Israel passes law drafting ultra-Orthodox for military service

Haredi Jews had been exempt from mandatory draft since the country’s establishment in 1948

Students from Orthodox Jewish academies in the New York area took to the streets of Manhattan in December to protest against efforts by the Israeli government to draft their counterparts into the Israeli army.
Kathy Willens/AP

Israel's Legislature on Wednesday voted to pass a controversial law to end blanket military exemptions for ultra-Orthodox Jews — ending a tradition upheld since the state’s establishment in 1948.

The bill was voted through by 65 to 1 in a poll broadcast on Israel's parliamentary television channel. The lone dissenting vote was cast by an MP from the far-right Jewish Home party who broke coalition discipline to oppose the law. Opposition parties within the 120-seat parliament had earlier announced they would not participate in the vote.

Military service at the age of 18 is required of all Jewish Israelis, with men serving three years and women serving two years. Mandatory service is required of the country’s Druze and Circassian minorities — but Arab citizens of Israel are exempt and largely refuse to join.

Ultra-Orthodox Israelis, who make up 10 percent of Israel’s population, enrolled in a yeshiva, or religious school, were until now exempt from the draft.

"This is a black day for the state and the government," ultra-Orthodox lawmaker Moshe Gafni was quoted as saying on the Kikar Hashabat website. "The state of Israel has lost the right to call itself a Jewish and democratic state."

"The haredi [orthodox] public will not forget or forgive the prime minister and his partners," said Gafni.

Changing the so-called secular-religious status quo in Israel has carried significant political risk in the past for successive coalition governments, which have often relied on the support of haredi partners for their survival.

But Finance Minister Yair Lapid, whose centrist party pushed to lift the exemptions, said: "Is it too much to expect people who live here and whose lives are defended every day by soldiers ... to do their bit, no more or no less than any other Israeli citizen?"

Anti-Zionist beliefs

Haredim say the study of Holy Scriptures is a foundation of Jewish life, and that scholars have a right to devote themselves full time to the tradition. Army service, they say, would deny them fulfillment of that religious edict.

The new legislation stipulates that ultra-Orthodox men must either join the army or perform civilian service, in a law that will go into force in 2017.

The law also includes a clause stipulating sanctions against draft dodgers — including imprisonment — in a move that has enraged the ultra-Orthodox leadership, who said it would be tantamount to jailing people for practicing their faith.
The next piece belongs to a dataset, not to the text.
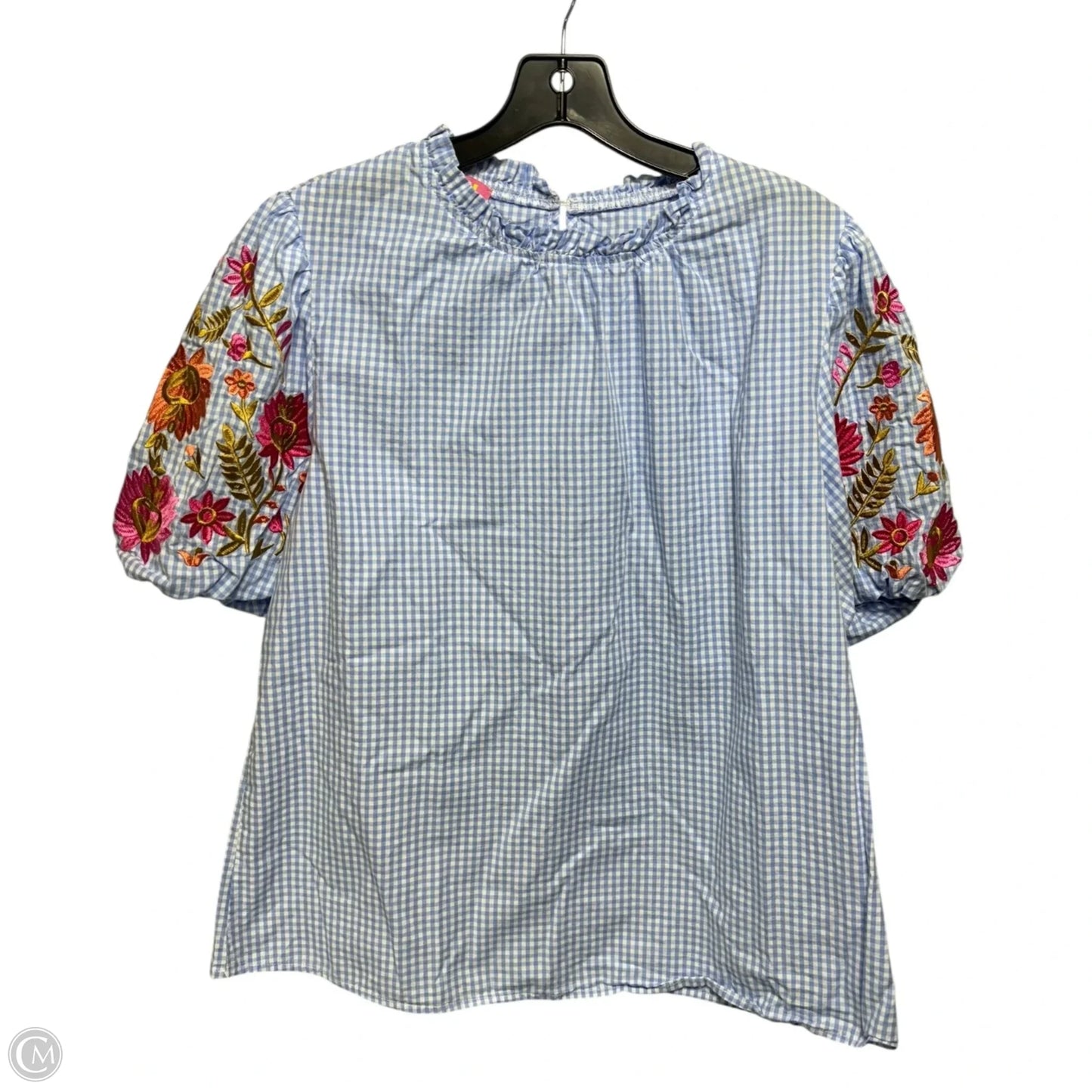Gingham Floral Embroidered Puff Sleeve Top Short Sleeve By Thml In Checkered Pattern, Size: M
Last week, a group of 30 experts on the haredi community warned that arrests of yeshiva students could lead to civil rebellion and violent protests, the Jerusalem Post reported.

"The criminal sanctions proposal will not achieve [draft] equality but will instead make it more distant, bring about a halt in the integration of Haredim, lead the state to societal division and could bring endless trouble," the group wrote.

Earlier this month, more than 300,000 ultra-Orthodox Jews took to the streets of Jerusalem in a mass prayer vigil to protest against the impending legislation. An estimated 60,000 Orthodox Jews protested against the legislation in Manhattan Sunday.

A New York group called the True Torah Jews argue that Israel is discriminating against “real” Jews — going so far as to call the government anti-Semitic. Many ultra-Orthodox Jews believe that there is no place in their religious tradition for a Jewish nation-state, and that the return of Jews to Israel would coincide with the coming of the Messiah.

The True Torah Jews say it is not their responsibility to fix the problems created by the establishment of the state of Israel. They are also opposed to the occupation of Palestine.

The new law is seen by many Israelis as amending the historical injustice of an exemption handed to the ultra-Orthodox in 1948, when Israel was created. At that time they were a small segment of society.

Because of their high birth rate, the ultra-Orthodox community is the fastest-growing sector in Israel.